What you need to do ::
Only the lines from the one with "Wood worktable" through the last line of the records below belong in your answer, reproduced exactly and with the pictures left out.

** Dataset records follows **

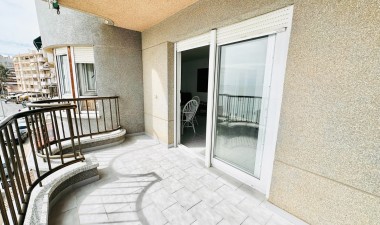 Resale - Apartment / flat - Torrevieja - Playa de los Locos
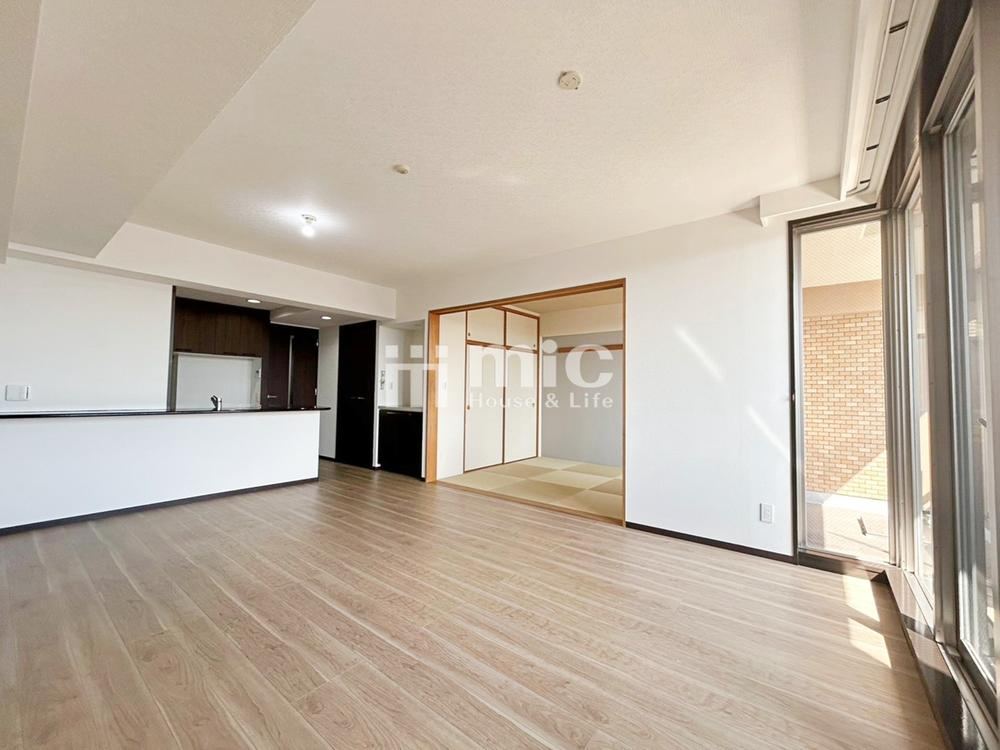 3LDK apartment in Naka Ward, Yokohama, Kanagawa - Photo 1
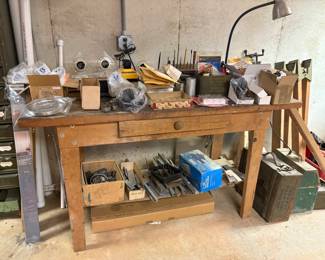 Wood worktable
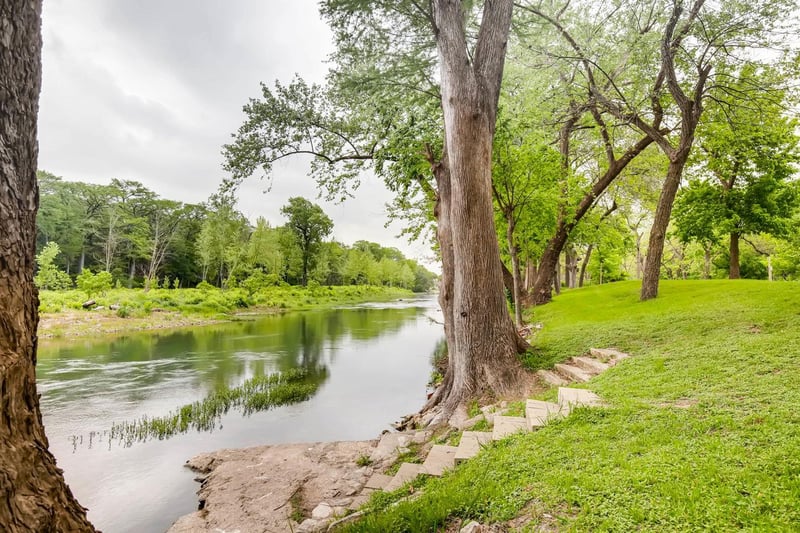 1390 Ervendberg , New Braunfels, TX 78130
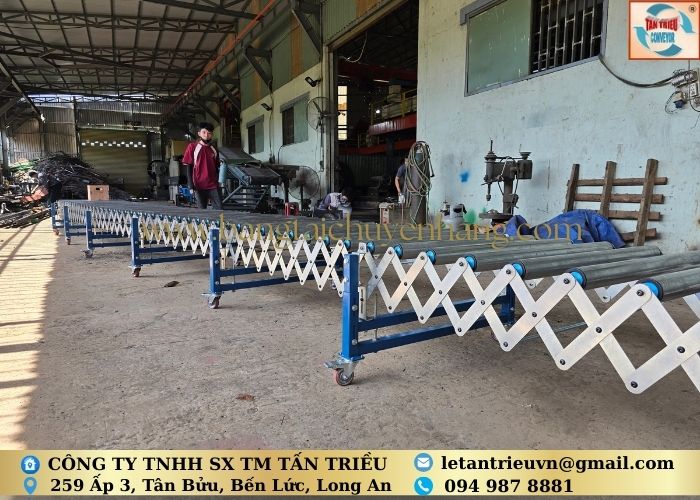 Băng tải con lăn xếp 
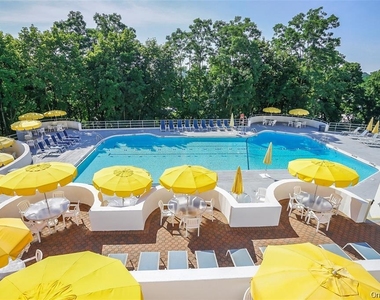 500 High Point Drive - Photo Thumbnail 24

** End of Dataset records **

Result below ::
 Wood worktable
 1390 Ervendberg , New Braunfels, TX 78130
 Băng tải con lăn xếp 
 500 High Point Drive - Photo Thumbnail 24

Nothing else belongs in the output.